EXERCISE -
Where in the material does the word "Replacement" appear? Copy each line that has it.

TASK INPUT -
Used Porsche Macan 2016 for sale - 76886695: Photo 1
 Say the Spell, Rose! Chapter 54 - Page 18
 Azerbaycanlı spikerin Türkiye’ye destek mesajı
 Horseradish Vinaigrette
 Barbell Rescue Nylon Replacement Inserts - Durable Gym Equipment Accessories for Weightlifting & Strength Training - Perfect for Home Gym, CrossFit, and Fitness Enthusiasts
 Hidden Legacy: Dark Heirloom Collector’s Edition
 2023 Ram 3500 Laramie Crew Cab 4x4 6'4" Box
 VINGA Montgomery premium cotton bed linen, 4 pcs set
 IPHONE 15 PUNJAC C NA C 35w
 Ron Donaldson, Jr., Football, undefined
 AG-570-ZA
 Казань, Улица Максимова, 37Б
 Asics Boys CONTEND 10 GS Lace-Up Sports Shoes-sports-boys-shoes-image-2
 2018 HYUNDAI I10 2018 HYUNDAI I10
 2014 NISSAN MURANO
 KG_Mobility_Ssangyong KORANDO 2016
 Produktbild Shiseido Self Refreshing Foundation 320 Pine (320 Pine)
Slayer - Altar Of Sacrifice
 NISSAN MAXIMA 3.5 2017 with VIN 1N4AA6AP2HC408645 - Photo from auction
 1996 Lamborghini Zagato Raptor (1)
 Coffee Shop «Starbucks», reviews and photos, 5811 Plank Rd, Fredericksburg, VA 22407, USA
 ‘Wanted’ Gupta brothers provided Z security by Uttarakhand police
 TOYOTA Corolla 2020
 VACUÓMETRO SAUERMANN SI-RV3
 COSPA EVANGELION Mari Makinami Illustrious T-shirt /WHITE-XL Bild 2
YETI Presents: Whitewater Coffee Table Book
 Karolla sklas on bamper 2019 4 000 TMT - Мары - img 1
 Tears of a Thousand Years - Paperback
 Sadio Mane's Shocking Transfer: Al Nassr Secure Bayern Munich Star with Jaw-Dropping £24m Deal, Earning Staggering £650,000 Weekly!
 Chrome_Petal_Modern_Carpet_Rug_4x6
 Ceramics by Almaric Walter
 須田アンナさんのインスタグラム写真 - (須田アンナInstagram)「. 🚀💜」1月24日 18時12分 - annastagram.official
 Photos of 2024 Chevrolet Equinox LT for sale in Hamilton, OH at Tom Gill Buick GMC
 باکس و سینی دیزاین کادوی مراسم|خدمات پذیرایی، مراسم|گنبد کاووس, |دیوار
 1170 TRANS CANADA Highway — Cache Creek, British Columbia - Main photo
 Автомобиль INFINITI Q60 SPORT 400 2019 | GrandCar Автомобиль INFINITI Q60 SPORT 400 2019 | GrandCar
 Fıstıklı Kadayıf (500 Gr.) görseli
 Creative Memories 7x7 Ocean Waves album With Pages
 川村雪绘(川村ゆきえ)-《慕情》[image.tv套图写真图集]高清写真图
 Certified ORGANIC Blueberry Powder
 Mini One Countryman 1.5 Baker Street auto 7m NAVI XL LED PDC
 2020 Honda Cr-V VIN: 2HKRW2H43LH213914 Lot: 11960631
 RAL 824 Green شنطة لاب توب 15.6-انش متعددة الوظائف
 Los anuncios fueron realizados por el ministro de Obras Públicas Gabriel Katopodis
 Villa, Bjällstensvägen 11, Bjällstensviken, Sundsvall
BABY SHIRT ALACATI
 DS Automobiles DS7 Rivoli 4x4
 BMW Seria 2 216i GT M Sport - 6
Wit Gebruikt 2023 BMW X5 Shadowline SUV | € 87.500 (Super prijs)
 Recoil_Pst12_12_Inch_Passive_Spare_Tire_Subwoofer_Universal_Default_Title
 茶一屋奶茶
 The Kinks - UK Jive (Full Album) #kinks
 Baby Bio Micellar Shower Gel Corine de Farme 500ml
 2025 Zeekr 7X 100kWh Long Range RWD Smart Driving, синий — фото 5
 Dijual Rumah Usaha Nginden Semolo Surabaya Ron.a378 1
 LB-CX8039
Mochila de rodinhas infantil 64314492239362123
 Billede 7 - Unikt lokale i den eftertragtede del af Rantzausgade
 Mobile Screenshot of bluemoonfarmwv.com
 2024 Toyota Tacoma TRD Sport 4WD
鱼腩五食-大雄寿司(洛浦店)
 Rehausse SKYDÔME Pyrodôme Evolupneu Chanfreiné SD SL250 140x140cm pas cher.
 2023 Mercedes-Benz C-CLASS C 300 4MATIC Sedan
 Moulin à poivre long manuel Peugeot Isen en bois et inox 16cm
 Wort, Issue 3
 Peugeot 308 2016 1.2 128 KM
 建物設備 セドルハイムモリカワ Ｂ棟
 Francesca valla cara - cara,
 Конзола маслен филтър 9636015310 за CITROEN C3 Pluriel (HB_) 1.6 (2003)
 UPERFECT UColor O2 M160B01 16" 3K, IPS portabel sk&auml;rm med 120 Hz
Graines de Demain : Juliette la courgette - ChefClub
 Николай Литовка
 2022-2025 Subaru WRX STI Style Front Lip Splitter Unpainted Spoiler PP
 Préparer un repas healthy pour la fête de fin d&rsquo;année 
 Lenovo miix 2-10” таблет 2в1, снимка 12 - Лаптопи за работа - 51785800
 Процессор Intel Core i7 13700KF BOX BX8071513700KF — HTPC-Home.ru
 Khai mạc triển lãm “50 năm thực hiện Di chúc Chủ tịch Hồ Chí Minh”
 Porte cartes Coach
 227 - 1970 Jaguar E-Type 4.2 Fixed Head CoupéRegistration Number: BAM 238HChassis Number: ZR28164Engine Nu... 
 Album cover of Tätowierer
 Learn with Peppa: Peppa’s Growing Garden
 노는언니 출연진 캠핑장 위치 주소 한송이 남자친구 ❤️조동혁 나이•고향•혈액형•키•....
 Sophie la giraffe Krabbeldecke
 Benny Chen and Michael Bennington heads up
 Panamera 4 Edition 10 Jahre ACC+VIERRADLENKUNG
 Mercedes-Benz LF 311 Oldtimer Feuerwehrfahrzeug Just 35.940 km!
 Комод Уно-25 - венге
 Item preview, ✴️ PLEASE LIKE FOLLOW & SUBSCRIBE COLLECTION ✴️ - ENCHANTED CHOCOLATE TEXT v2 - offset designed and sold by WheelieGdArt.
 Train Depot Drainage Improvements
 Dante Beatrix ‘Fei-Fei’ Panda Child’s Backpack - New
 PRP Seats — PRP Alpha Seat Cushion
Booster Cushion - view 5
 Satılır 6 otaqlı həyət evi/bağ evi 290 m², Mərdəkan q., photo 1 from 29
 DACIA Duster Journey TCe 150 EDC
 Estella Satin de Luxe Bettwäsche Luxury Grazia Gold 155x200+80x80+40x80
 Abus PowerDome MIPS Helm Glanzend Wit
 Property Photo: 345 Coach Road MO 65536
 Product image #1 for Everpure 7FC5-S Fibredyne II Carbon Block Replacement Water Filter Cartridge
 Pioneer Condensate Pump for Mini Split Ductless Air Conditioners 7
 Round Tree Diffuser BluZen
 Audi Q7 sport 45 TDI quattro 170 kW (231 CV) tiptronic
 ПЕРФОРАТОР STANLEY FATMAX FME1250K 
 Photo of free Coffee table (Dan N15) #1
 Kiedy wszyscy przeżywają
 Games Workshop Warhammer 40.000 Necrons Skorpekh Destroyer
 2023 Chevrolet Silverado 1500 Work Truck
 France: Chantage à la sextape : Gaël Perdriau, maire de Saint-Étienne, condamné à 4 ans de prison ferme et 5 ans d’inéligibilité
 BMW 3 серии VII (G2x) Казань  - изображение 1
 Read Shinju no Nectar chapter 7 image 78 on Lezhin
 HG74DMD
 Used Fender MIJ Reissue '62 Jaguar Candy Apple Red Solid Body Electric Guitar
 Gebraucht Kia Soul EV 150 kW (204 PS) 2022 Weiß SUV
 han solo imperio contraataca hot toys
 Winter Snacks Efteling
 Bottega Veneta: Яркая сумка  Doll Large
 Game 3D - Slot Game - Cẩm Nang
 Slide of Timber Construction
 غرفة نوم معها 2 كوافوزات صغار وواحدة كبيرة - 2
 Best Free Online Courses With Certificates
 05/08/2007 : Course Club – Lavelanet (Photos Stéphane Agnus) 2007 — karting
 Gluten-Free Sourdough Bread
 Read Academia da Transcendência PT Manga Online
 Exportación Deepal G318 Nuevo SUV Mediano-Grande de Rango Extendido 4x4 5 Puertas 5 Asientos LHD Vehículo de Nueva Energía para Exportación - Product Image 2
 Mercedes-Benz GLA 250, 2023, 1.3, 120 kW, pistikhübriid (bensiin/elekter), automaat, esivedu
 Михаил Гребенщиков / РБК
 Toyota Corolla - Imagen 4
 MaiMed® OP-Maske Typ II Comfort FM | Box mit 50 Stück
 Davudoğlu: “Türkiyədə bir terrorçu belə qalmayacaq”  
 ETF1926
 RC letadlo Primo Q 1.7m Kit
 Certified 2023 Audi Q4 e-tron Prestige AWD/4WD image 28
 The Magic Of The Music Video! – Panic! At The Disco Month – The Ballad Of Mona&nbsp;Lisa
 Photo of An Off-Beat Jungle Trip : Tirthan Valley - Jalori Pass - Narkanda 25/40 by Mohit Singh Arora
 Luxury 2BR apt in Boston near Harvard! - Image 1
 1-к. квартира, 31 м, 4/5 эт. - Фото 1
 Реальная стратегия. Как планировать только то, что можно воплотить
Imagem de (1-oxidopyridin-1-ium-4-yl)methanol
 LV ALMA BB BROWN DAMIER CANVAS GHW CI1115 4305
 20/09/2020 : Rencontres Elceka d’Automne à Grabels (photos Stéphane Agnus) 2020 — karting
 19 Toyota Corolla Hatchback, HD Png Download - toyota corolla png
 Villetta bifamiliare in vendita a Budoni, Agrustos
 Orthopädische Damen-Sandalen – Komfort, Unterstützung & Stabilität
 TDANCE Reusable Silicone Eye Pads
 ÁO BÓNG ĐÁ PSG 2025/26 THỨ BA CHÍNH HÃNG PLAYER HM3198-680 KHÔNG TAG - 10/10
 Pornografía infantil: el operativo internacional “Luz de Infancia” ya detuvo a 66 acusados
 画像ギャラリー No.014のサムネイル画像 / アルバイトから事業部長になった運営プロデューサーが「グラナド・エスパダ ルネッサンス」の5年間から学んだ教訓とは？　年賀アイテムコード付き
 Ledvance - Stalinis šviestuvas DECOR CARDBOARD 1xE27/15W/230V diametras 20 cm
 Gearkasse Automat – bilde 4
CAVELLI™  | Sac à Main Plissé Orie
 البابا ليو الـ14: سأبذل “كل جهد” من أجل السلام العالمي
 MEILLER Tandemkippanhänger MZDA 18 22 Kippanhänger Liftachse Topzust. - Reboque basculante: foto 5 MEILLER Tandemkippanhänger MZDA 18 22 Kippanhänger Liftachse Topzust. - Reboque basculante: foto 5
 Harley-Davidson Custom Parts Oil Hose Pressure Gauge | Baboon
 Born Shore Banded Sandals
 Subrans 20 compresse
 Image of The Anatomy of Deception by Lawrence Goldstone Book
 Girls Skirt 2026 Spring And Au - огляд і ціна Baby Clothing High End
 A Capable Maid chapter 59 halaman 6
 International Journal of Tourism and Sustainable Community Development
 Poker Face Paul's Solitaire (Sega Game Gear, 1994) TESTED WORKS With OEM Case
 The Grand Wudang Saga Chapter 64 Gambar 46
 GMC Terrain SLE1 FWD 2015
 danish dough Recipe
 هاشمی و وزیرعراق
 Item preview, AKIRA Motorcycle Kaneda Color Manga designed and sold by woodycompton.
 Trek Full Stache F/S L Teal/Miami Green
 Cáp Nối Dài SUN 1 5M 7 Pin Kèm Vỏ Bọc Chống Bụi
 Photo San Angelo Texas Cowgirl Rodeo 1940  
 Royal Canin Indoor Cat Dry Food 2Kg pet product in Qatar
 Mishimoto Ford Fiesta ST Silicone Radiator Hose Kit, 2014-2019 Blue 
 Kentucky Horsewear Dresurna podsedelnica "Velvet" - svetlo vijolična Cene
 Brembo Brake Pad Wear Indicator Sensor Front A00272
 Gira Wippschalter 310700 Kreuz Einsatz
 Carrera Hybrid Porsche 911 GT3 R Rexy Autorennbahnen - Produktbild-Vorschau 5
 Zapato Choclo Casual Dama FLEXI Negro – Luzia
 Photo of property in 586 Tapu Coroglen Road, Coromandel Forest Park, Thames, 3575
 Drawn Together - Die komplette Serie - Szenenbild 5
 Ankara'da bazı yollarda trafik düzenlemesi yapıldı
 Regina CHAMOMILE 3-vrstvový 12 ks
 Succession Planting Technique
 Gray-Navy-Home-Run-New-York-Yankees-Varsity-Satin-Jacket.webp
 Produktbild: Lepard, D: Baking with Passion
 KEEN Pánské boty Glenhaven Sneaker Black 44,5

TASK SOLUTION -
 Barbell Rescue Nylon Replacement Inserts - Durable Gym Equipment Accessories for Weightlifting & Strength Training - Perfect for Home Gym, CrossFit, and Fitness Enthusiasts
 Product image #1 for Everpure 7FC5-S Fibredyne II Carbon Block Replacement Water Filter Cartridge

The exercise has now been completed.